The operators adapted to Ascend AI Processor are referred to as CANN operators.

Principles

The implementation workflow of an operator plugin includes registering the operator types of CANN operators and the operators in the original framework, and mapping the operator attributes in the original framework to attributes of CANN operators. Operator mapping is implemented by the Parser module. Figure 1 shows the plugin implementation workflow in the network execution scenario.

Figure 1 Process for implementing an operator plugin

GE receives a graph, which represents the topology of an original network model trained under a third-party framework. Then, GE is initialized.
GE loads the .so file of the operator plugin from the Register module, which is stored in the opp/built-in/framework/ directory in the CANN component directory.
The Register module reads operator information in the operator plugin .so file and registers the information with the map file of the operator plugin. (Information about all operator plugins is stored in one map file.)
GE requests the Parser module to call the Parser method.
The Parser module obtains the corresponding Parser function from the map file of the operator plugin based on the operator type (OpType), and returns the implementation function ParseParamsByOperatorFn to the Parser module. The Parser module maps the attributes of a third-party operator to attributes of a CANN operator (that is, the attributes defined in the operator prototype). In this way, a third-party operator is mapped to a CANN operator.
Subsequent operations are performed, including graph preparation, partition, and optimization. Then a network model that adapts to Ascend AI Processor is generated.

Plugin Implementation

GE provides the REGISTER_CUSTOM_OP macro to register an operator based on the specified operator name.

The following code shows how to customize an ONNX operator.

#include "register/register.h"
#include "graph/operator.h"
#include "json.hpp"
namespace domi
{
REGISTER_CUSTOM_OP("OpType")
    .FrameworkType(ONNX) 
    .OriginOpType("OriginOpType")
    .ParseParamsByOperatorFn(ParseParamByOpFunc)   // Registers a function for parsing operator attributes.
    .ImplyType(ImplyType::TVM);  // TBE operator: ImplyType::TVM; AI CPU operator: ImplyType::AI_CPU
}

Add the #include command to the beginning of the code implementation file to include the header files related to the plugin implementation functions in the plugin implementation file.
- register.h is stored in include/register/ under the CANN software installation directory.

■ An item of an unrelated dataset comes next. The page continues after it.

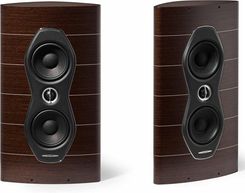 Zdjęcie Sonus Faber Olympica Nova Wall Wenge - Dobra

Inclusion of this header file enables calls to the operator registration APIs.
- operator.h (optional) is stored in include/graph/ under the CANN software installation directory. Inclusion of this header file enables calls to the operator APIs, which can be used to obtain the operator information such as the inputs, outputs, and attributes.
- json.hpp is used to parse ONNX parameter definitions of the string type into the JSON format.
  Click here to download json.hpp if this file is not provided in the sample project. Place it in any subdirectory under the project directory and include this header file.
REGISTER_CUSTOM_OP: registers a custom operator. OpType is the operator type registered with GE. The value cannot conflict with existing operator names and must be the same as that in Operator IR Registration.
FrameworkType: specifies the framework type. ONNX indicates that the original framework is ONNX.
OriginOpType: indicates the type of an operator in the original framework. For example, the custom operator OpTypeA corresponds to the ONNX OPP version opset_version=11, the original framework type is ai.onnx::11::OpTypeA, and the supported ONNX versions range from 9 to 15.

ParseParamsByOperatorFn (ParseParamByOpFunc): registers a function for parsing operator attributes This callback function must be defined by the user.

ParseParamsByOperatorFn is declared as follows:

Status ParseParamByOpFunc(const ge::Operator& op_src, ge::Operator& op_dest)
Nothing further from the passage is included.